_What you are asked to do_:
The required output is the lines below from the line containing "Lý do nên mua" to the line containing "How much money", inclusive, retyped exactly. No other lines belong in it.

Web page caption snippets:

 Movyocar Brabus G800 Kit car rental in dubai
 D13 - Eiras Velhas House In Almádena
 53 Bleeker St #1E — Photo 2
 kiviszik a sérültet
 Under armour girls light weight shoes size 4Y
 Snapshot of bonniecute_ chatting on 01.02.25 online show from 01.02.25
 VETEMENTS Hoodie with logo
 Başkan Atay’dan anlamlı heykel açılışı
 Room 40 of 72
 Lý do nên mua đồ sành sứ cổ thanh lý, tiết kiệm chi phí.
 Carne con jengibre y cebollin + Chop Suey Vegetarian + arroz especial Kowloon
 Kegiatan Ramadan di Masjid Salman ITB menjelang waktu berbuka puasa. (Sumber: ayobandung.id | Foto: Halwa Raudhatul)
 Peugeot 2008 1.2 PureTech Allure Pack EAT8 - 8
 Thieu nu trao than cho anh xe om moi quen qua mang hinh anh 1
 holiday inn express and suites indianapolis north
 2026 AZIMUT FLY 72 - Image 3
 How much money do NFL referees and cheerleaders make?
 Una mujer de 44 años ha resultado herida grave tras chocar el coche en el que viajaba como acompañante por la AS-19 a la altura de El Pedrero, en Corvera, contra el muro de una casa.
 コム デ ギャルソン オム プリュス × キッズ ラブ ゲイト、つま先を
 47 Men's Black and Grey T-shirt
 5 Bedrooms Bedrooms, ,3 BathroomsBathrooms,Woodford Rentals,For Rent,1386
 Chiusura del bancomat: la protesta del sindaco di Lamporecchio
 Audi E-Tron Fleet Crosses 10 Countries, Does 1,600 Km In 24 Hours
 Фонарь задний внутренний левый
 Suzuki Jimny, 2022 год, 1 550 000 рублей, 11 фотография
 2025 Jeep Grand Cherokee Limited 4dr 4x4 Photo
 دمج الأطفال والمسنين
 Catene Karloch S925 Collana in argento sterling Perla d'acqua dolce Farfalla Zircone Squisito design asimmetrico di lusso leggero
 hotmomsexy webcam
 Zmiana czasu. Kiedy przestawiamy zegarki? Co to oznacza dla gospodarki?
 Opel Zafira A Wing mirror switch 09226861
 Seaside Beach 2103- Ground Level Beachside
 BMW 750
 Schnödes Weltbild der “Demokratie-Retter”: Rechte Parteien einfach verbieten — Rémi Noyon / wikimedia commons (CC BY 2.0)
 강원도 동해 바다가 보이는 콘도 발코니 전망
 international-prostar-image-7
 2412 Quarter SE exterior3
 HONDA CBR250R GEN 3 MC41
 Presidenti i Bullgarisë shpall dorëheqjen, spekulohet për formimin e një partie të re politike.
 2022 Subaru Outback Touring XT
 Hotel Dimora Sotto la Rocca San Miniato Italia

_Task output_:
 Lý do nên mua đồ sành sứ cổ thanh lý, tiết kiệm chi phí.
 Carne con jengibre y cebollin + Chop Suey Vegetarian + arroz especial Kowloon
 Kegiatan Ramadan di Masjid Salman ITB menjelang waktu berbuka puasa. (Sumber: ayobandung.id | Foto: Halwa Raudhatul)
 Peugeot 2008 1.2 PureTech Allure Pack EAT8 - 8
 Thieu nu trao than cho anh xe om moi quen qua mang hinh anh 1
 holiday inn express and suites indianapolis north
 2026 AZIMUT FLY 72 - Image 3
 How much money do NFL referees and cheerleaders make?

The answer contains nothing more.